At school, we just finished up a two day Renaissance Festival with our 8th grade class. In one of my sessions, snacks were brought for the students to eat, a box of clementine oranges and a bag of pretzels. Normally, I don’t allow food in the music room. One reason is there isn’t compost buckets anywhere near the music rooms so food waste ends up in the trash or just left in a practice room. It’s nasty and attracts rodents, insects, or worse. I wanted the kids to eat, so I took out my lunch tiffin and told the students to put their clementine peels in my tiffin and I would take them home and compost them.
This led us to a discussion about my family’s trash. I explained that it had been 8 weeks (now 9) since I had last taken a bag of trash to the landfill.
One of the students asked, “Doesn’t your trash stink? You said it has been 8 weeks, it must smell really bad.”
When you put food waste in your trash, it rots and eventually produces methane.
“In landfills, organic materials, like food scraps and yard trimmings, are broken down by bacteria to produce methane. Methane, a potent greenhouse gas, is shown to have a warming potential of 21 times that of carbon dioxide.” EPA.

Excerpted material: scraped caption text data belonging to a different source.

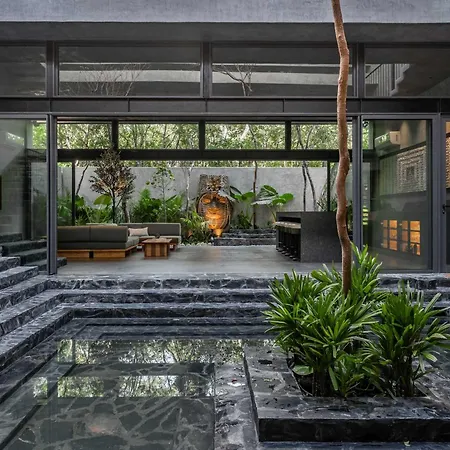 Jungle Mansion Rooftop Pool With Event Space *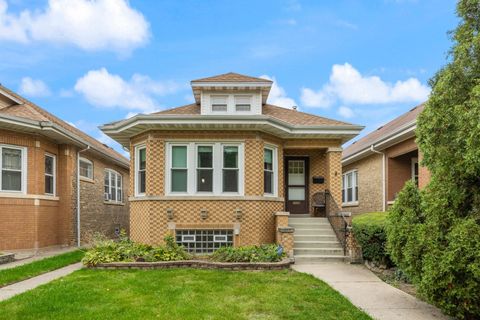 Photo of 2735 N MANGO Avenue, Chicago, IL 60639 (MLS # 12496203)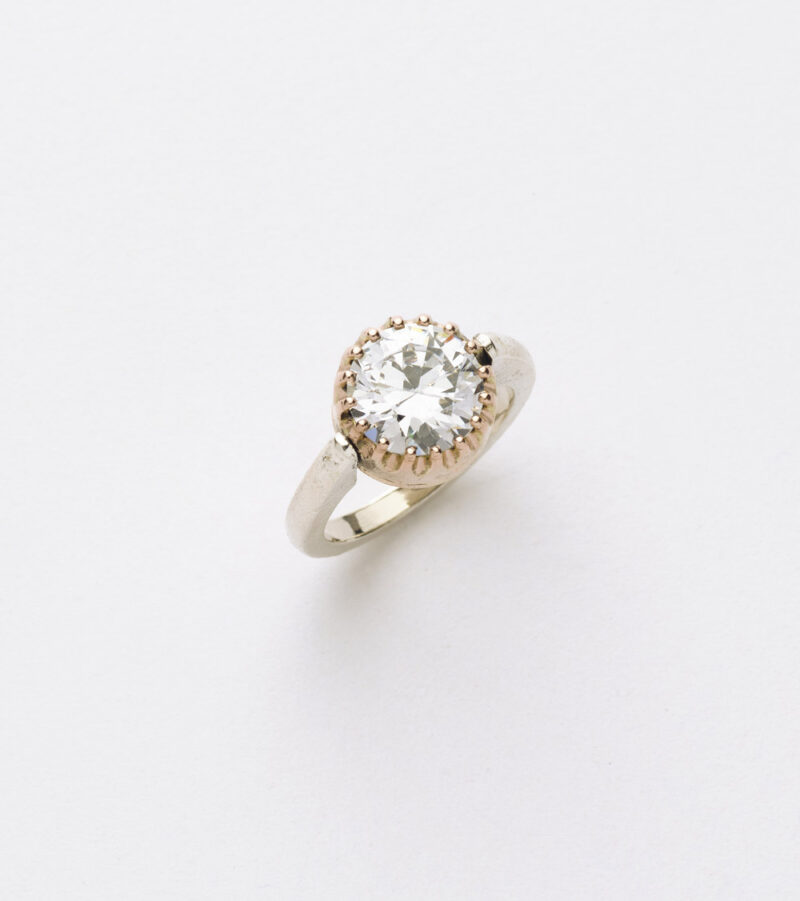 Anello Reverse in Oro e Argento <br> Pietra centrale 10mm
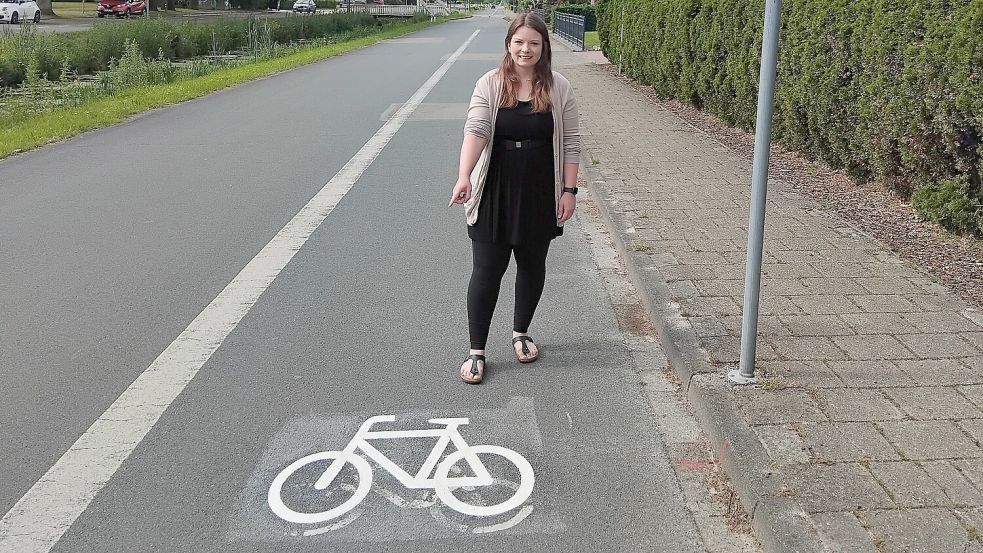 SPD-Politikerin Laura Kruse sorgt sich um die Fahrradfahrer an der 1. Südwieke. Sie hofft, dass die Piktogramme für ihre Sicherheit sorgen. Foto: Scherzer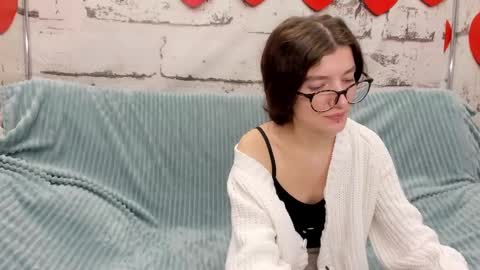 Snapshot of pussykatt_girl chatting on February 2025 01:22:01 AM pussykatt_girl online show from February 2025 01:22:01 AM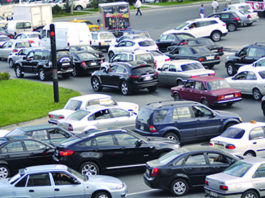 “Səhər, günorta, axşam eyni vəziyyətdir”: Binəqədi şosesindəki xaosun səbəbi nədir? – VİDEO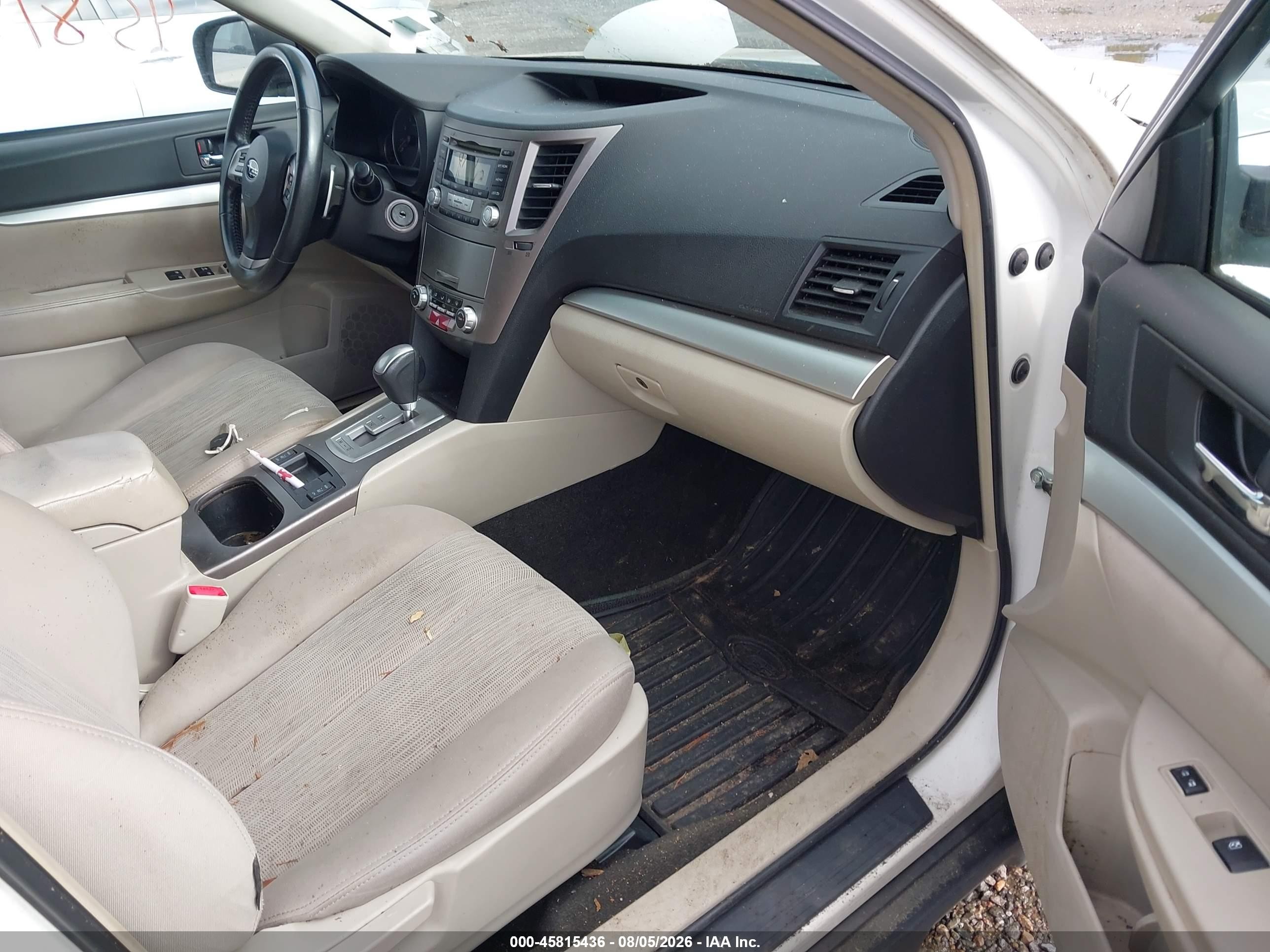 2013 Subaru Outback 2.5i Premium White vin: 4S4BRBCC1D3227262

Some municipalities might bottle the methane and use it as fuel some others flare it. Either way it smells bad and is a total waste of energy that could have been used to create healthy soil and grow food.
Composting our food scraps not only makes awesome soil for our gardens, it reduces the creation of methane. Seems like a win-win to me.
Clean plastic wrappers don’t smell, they just last a really long time in our environment and they don’t really add any positive benefit to us as consumers. Keeping that in mind changes the way you look at a bag of pretzels. The product inside might be gone in a matter of minutes but the bag will last a lifetime.